Why do both of these things have to occur? They both have to occur because one is a recurrent cost that fundamentally is about improving frequency and improving the delivery of public transit services to the community. It is not about infrastructure costs. The overwhelming and ongoing demand that our budget will face if we are to improve public transport services in our city is a recurrent cost. It is about paying for more routes. It is about paying for more drivers. It is about paying for greater frequency of services. It is not about an infrastructure investment. It is about a service delivery cost to the community.

The concern I have in this debate is that the Greens are always fixated on a technological solution. And the technological solution will not deliver, on its own, what we need when it comes to public transport. What we need to deliver is greater frequency, greater reliability, greater network opportunities. These are the things that will make public transit work in this city, not the assertion that we choose a particular technology. And unfortunately that is the approach we get from the Greens.

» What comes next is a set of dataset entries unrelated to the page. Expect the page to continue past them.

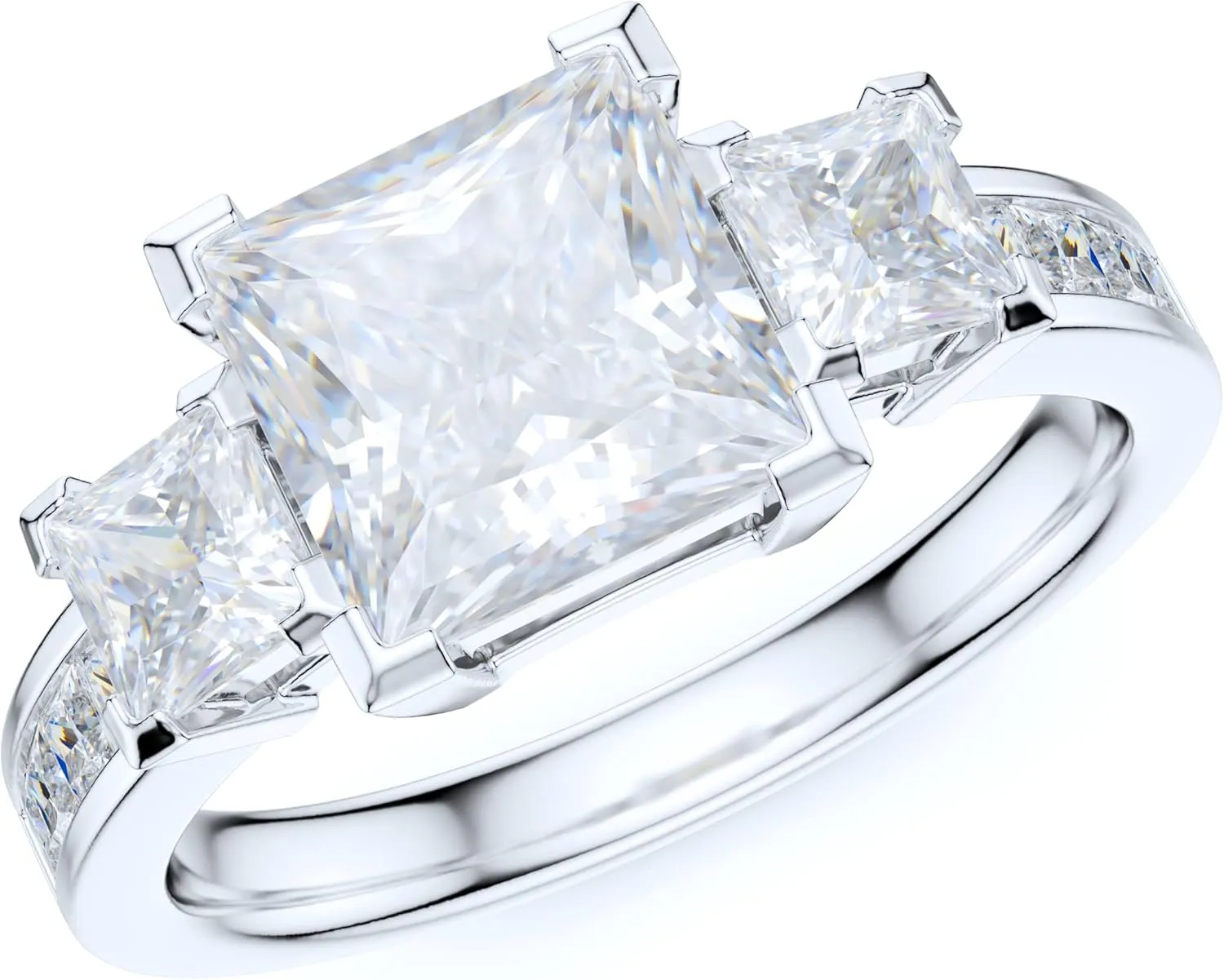 Sterling Silver 1.5ct Classic Three Stone Style All Simulated Princess Cut Diamond or Genuine Moissanite Promise Engagement Ring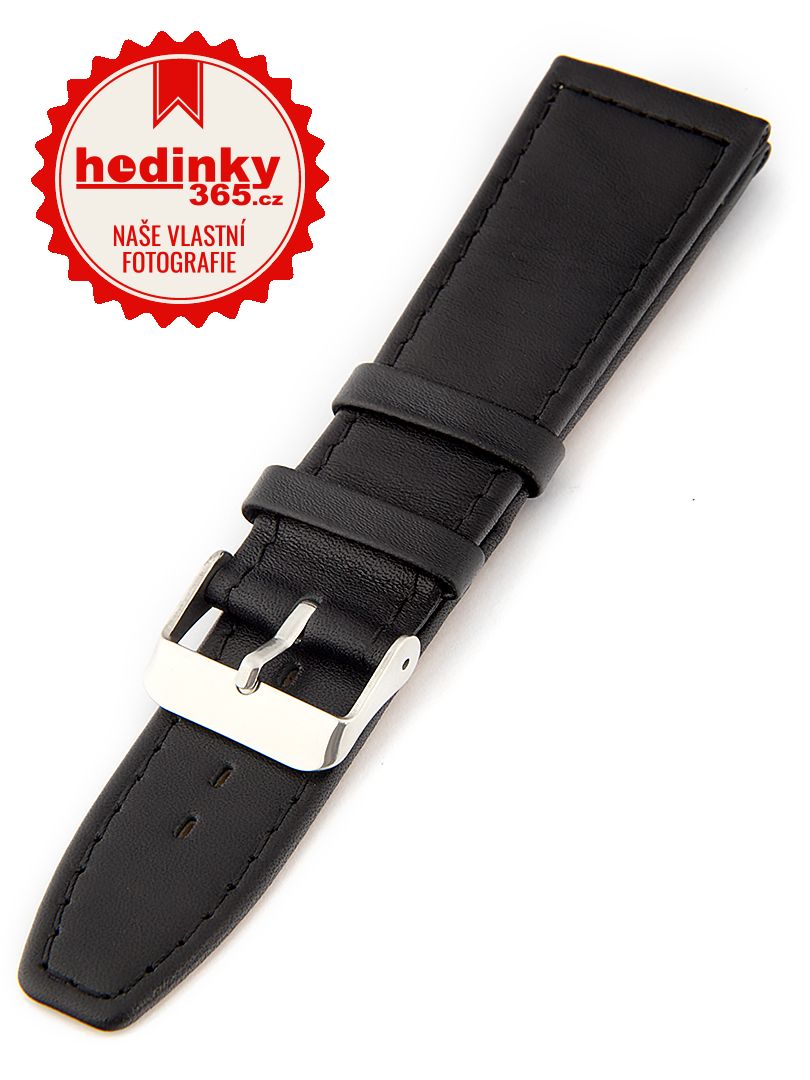 Unisex kožený černý řemínek k hodinkám W-309-L 22 mm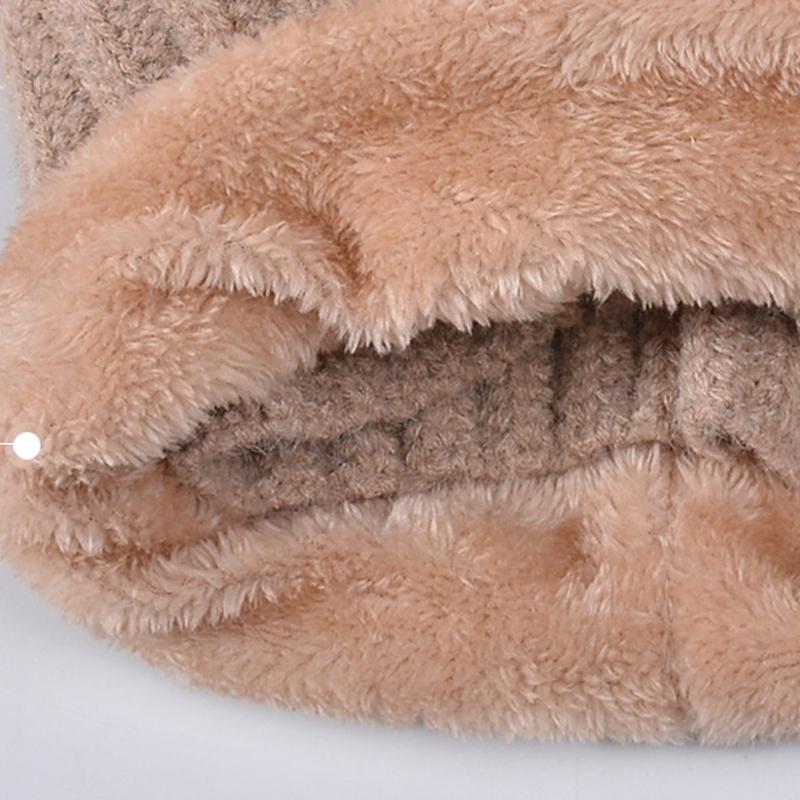 Gestrickte Mütze Hals integrierte Mütze Damen Winter Radfahren winddicht samt warme Wollmütze samt Verdickung Ski Cap Skullies Beanies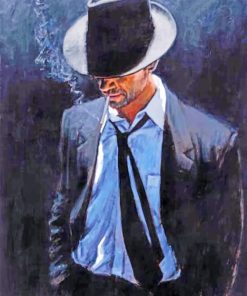 Classy Man With A Black Hat Paint by numbers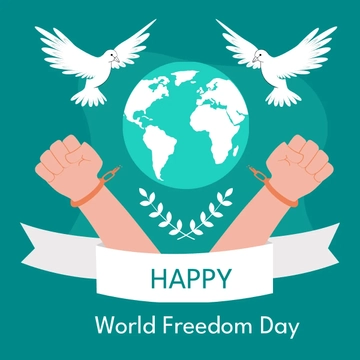 Free Happy World Freedom Day Clipart Template to Edit Online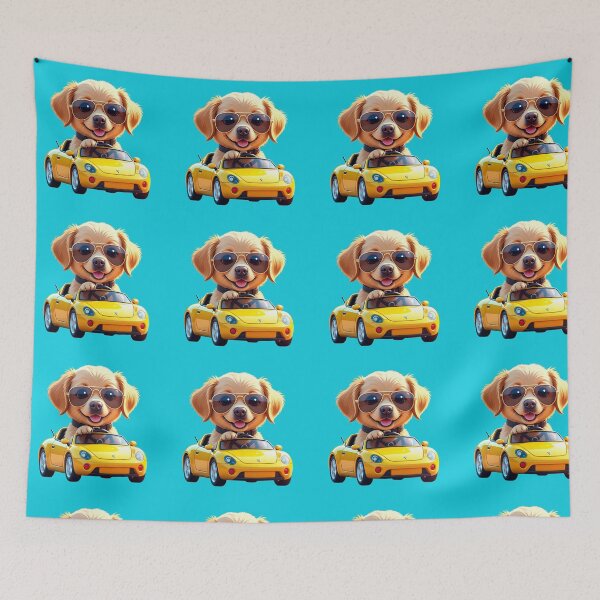 Item preview, Funny Dog Riding Yellow Sports Car | Cute Product Collection designed and sold by Bittor18.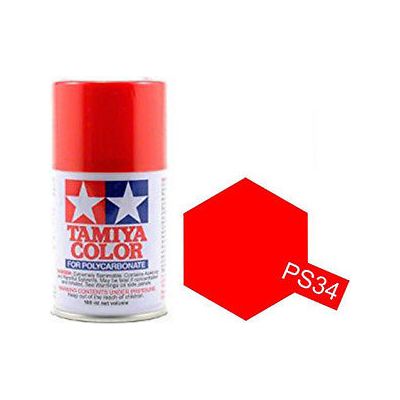Tamiya Polycarbonate 86034 PS-34 Bright Red Spray Paint Aerosol 100ml | Galactic Toys & Collectibles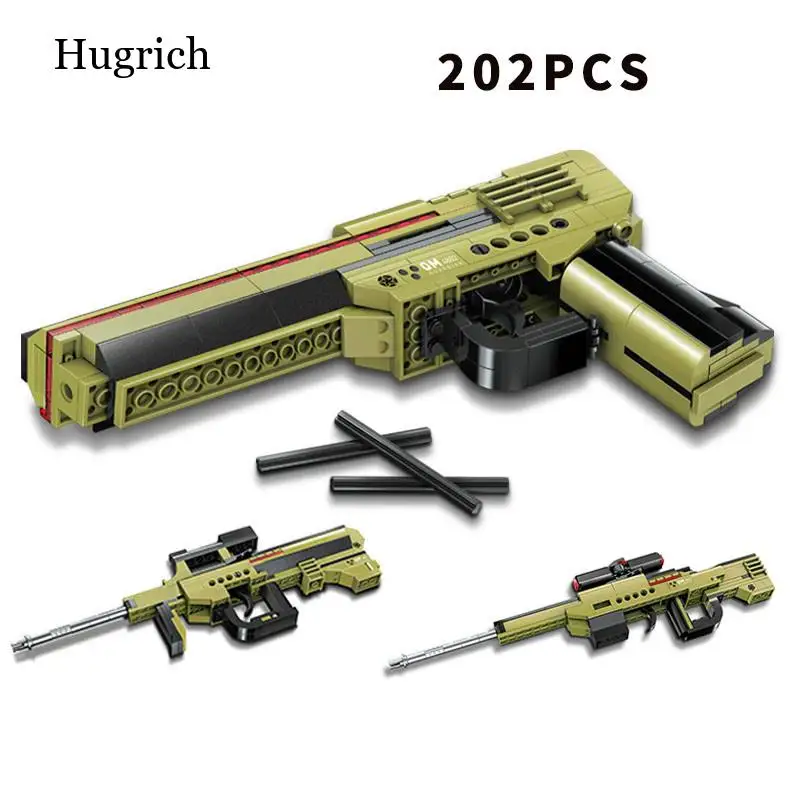 

202pcs Military ww2 swat Building Blocks Desert Eagle Pistol Gun Brick Sniper Rifle With Bullets Model High-tech Toys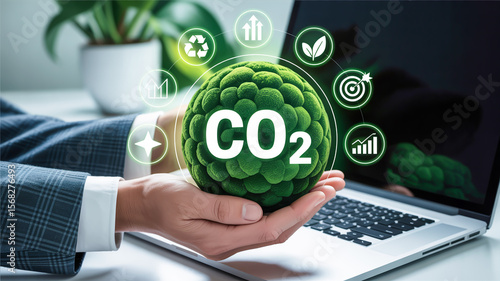 A digital illustration of a hand holding a glowing green spherical CO2 icon against a blurred background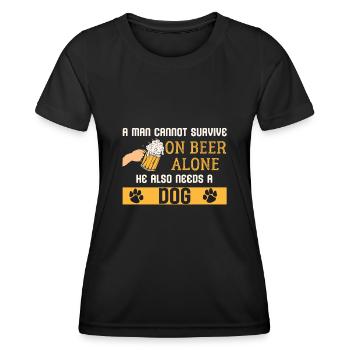 Bière et chiens - T-shirt sport Femme - noir - Devant - AI Model Female 172 light (172cm)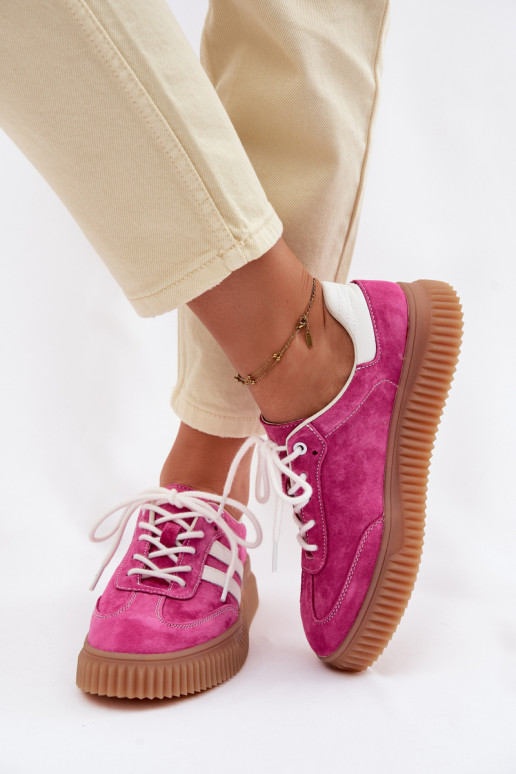aus INildleder Sneakers Stilvollllschuhe Feminin mit einer Plattform pinke Farbe Es mussrisae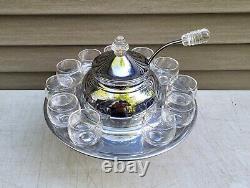 Art Deco Chrome SATURN Punch Bowl Set Lucite Handles 11 Glass Cups LEHMAN 1930s
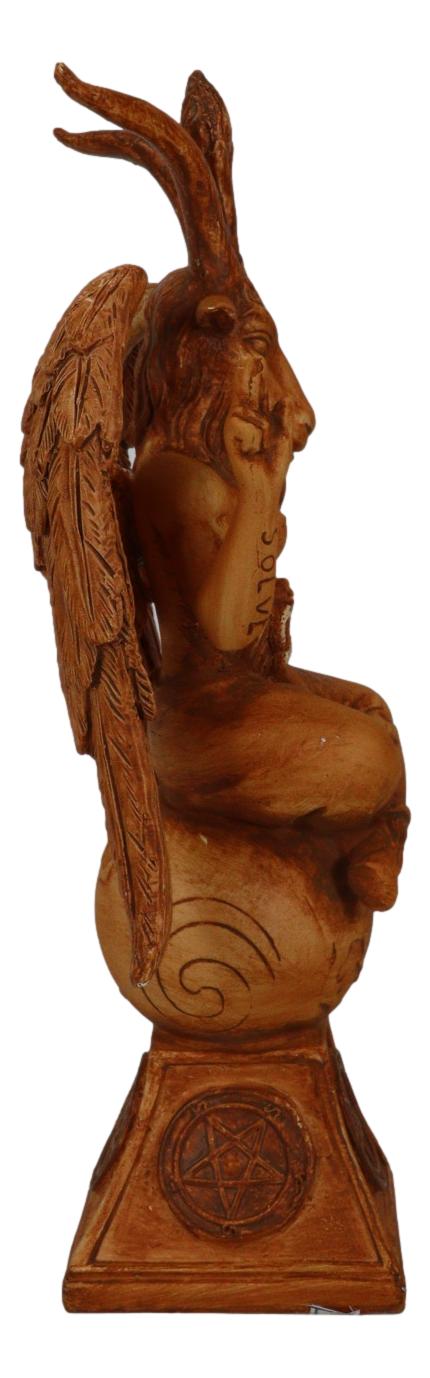 Rustic Red Clay Finish Sabbatic Goat Idol Baphomet Pentagram Figurine 6.5"H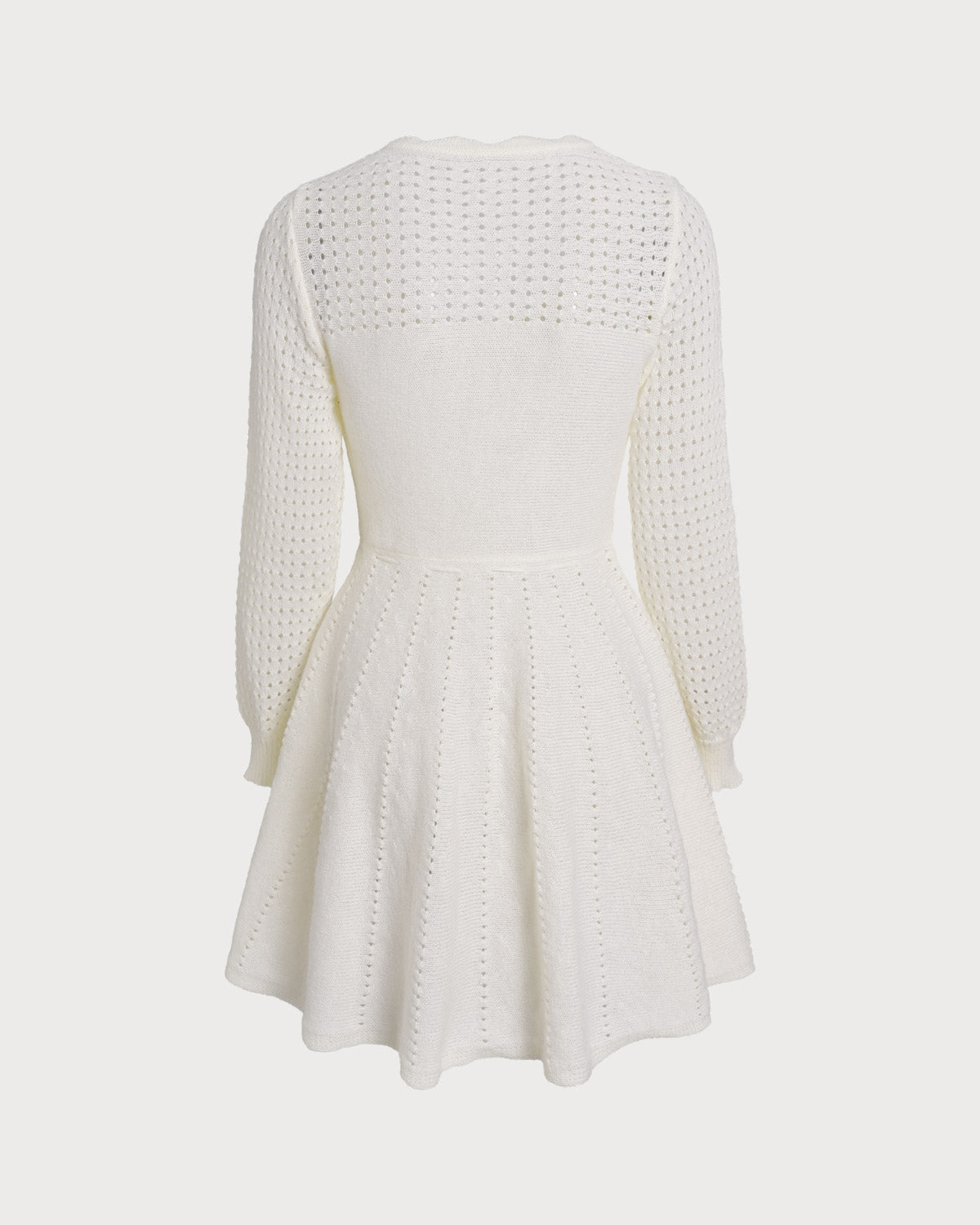 White Scalloped A-Line Sweater Dress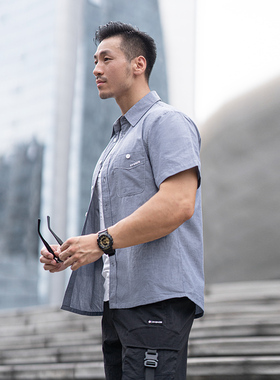 EVENSO City水洗质感衬衫短袖 透气纯色宽松运动休闲t恤夏季外套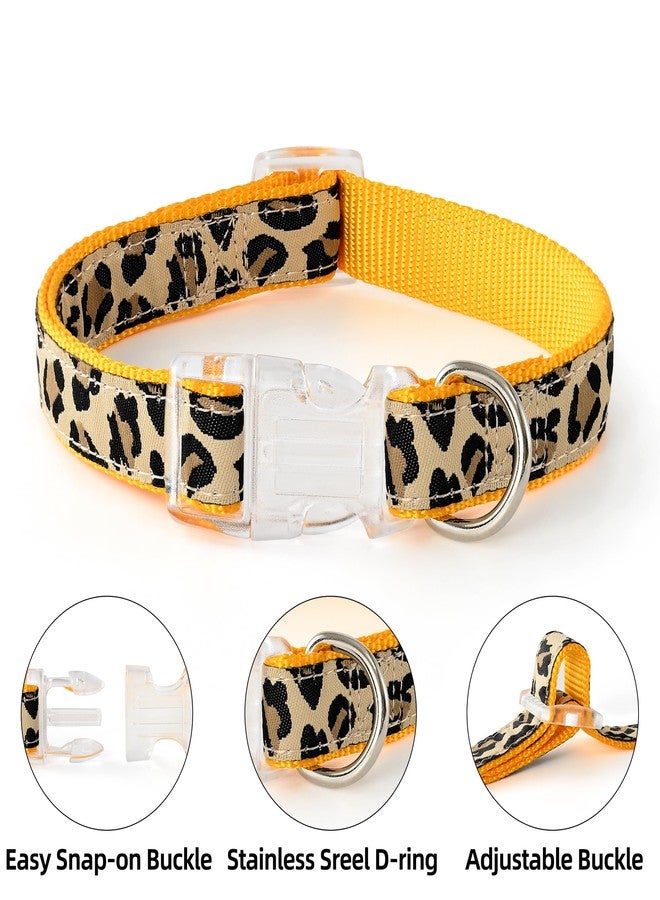 مايل هاي لايف طقم طوق ومقود للكلاب من مايل هاي لايف بنقشة جلد النمر، طوق ومقود قابل للتعديل للكلاب الصغيرة، سهل التحكم أثناء التدريب والمشي (أصفر، مقاس XS، محيط الصدر 9-15 بوصة، محيط الرقبة 8-12 بوصة). - Image 4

We have also heard the criticism from the Greens that the government’s assertions about the viability and appropriateness of this project are based on some false assumptions. They are wrong. They are wrong to assert that. This project has been assessed multiple times in terms of its economic benefit, in terms of its contribution to the national freight task. It has been assessed in detail not just by the ACT government but by Infrastructure Australia, who has ranked it as one of its top priority projects.

The federal government is not going to say that in principle this project warrants federal funding unless it meets the very strict criteria that are imposed in relation to the assessment of national infrastructure projects. The same criteria they have used to tick off projects such as the Gold Coast light rail project are being applied to this project.

If the federal government is getting it right when it comes to infrastructure funding for the light rail project on the Gold Coast, using these criteria, the same criteria that they have used to say this project also stacks up in terms of its economic benefit and its social benefit, you cannot have it both ways. You cannot argue that some decisions using those criteria are right and other decisions using those criteria are wrong.

The fact is this project stacks up. It stacks up. And why does it stack up? It stacks up because overwhelmingly it is about connecting freight links. It is about upgrading a key link between major highways that service south-eastern Australia, the Federal Highway through to the Monaro Highway. It is about the increasingly important role that the Canberra airport will play in terms of delivery of freight to the city and the region and the fact that industrial uses on the eastern side of the city continue to grow. We heard no mention from the Greens of issues such as the fact that there is significant growth in our own industrial estates.